When Governor Kasich rolled out his energy plan in March, he portrayed himself as a maverick on fracking, standing up to Big Oil by requiring more chemical disclosure, higher tax rates and assistance to local governments.
Thanks in part to documents obtained exclusively by Plunderbund, we now know it was all posturing. Let’s review:
The chemical disclosure requirements he introduced were riddled with loopholes and allowed companies to hold information back if they deemed it a “trade secret.”
His severance tax increase was actually a tax cut on natural gas, the only material currently being extracted from Ohio’s shale in any significant quantity. Somewhere, Chesapeake Energy’s millionaire CEO, Aubrey McClendon, is smiling.

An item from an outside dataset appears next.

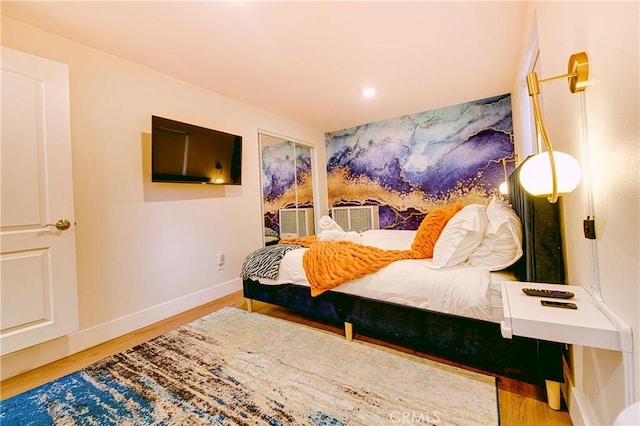 bedroom with hardwood / wood-style flooring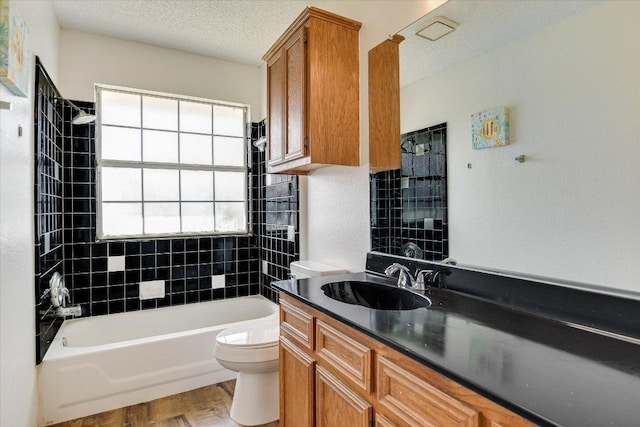1905 Hollow Tree Blvd, Round Rock, TX 78681 - full bathroom featuring vanity, wood finished floors, shower / bathtub combination, and a textured ceiling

The last way in which Kasich portrayed himself as a moderate was a plan aimed at helping local governments cope with the impacts of fracking. Kasich’s plan would require oil and gas companies to pay a $25,000 impact fee for every well to the county to pay for roads and other costs. Drillers would then get their $25,000 back, over time, in the form of property tax discounts. The whole plan, Kasich promised, was “revenue neutral.” Grover Norquist even gave his blessing.
“Revenue neutral” if you don’t know the term, means no net change in revenue. In other words, drillers would pay the same net amount. Counties would collect the same net amount. In the end, plan was completely and totally unhelpful to counties coping with road damage and other community impacts of fracking. And ill-conceived because about 70% of property tax collections go to schools, causing them to actually lose money under the plan.

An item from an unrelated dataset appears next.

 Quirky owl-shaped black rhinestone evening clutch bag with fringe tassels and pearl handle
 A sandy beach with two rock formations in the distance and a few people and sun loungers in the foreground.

A cynical shell game that slaps local governments and schools in the face? That sure sounds like something Kasich would dream up.
But it wasn’t.
The idea was actually written by the Ohio Oil and Gas Association (OOGA). Plunderbund has learned—thanks to records we have obtained—representatives of the industry (including Christina Polesovsky of the Ohio Petroleum Council and wife of Governor’s office staffer, Jeff Polesovsky) met with Governor’s office staff twice during the week of February 19th, and followed up less than a week later via OOGA’s lobbyist, Fred Mills, with a copy of proposed language for inclusion in Kasich’s forthcoming fracking legislation.
House Bill 487, introduced by House Finance Chairman Ron Amstutz on Kasich’s behalf, included the impact fee idea almost exactly as conceived of by the industry. The only change we can identify is the fee was set at $25,000, not $20,000 as proposed by OOGA.
So Big Oil, whom Kasich portrayed himself as standing up to with his new regulatory scheme, was actually allowed by the Governor to write part of the bill to regulate themselves.
To bring us up to date, House Republicans, annoyed at Kasich having dropped the tax and impact fee plan in their laps without any advance briefings, removed the language the week it was introduced, promising to revisit it at a later date. As of yesterday, Speaker Batchelder indicated this could take place later in the summer. When it does, let’s be sure to ask the bill’s sponsor where the idea of the impact fee came from and why we are letting the Oil and Gas industry write the very laws that govern them.